They did not scold or fuss about it. Calm as judges, those women were. But they made notes; Moadine read them to us.
“Please tell me if I have the facts correct,” she said. “In your country—and in others too?”
“Yes,” we admitted, “in most civilized countries.”
“In most civilized countries a kind of animal is kept which is no longer useful—”
“They are a protection,” Terry insisted. “They bark if burglars try to get in.”
Then she made notes of “burglars” and went on: “because of the love which people bear to this animal.”
Zava interrupted here. “Is it the men or the women who love this animal so much?”
“Both!” insisted Terry.
“Equally?” she inquired.
And Jeff said, “Nonsense, Terry—you know men like dogs better than women do—as a whole.”
“Because they love it so much—especially men. This animal is kept shut up, or chained.”

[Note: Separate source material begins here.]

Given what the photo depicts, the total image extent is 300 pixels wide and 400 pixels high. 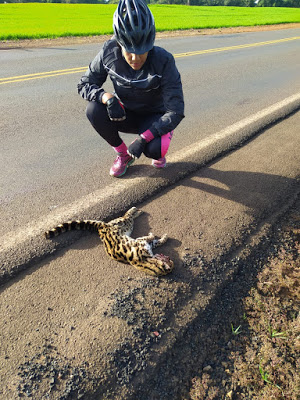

“Why?” suddenly asked Somel. “We keep our father cats shut up because we do not want too much fathering; but they are not chained—they have large grounds to run in.”
“A valuable dog would be stolen if he was let loose,” I said. “We put collars on them, with the owner’s name, in case they do stray. Besides, they get into fights—a valuable dog might easily be killed by a bigger one.”
“I see,” she said. “They fight when they meet—is that common?” We admitted that it was.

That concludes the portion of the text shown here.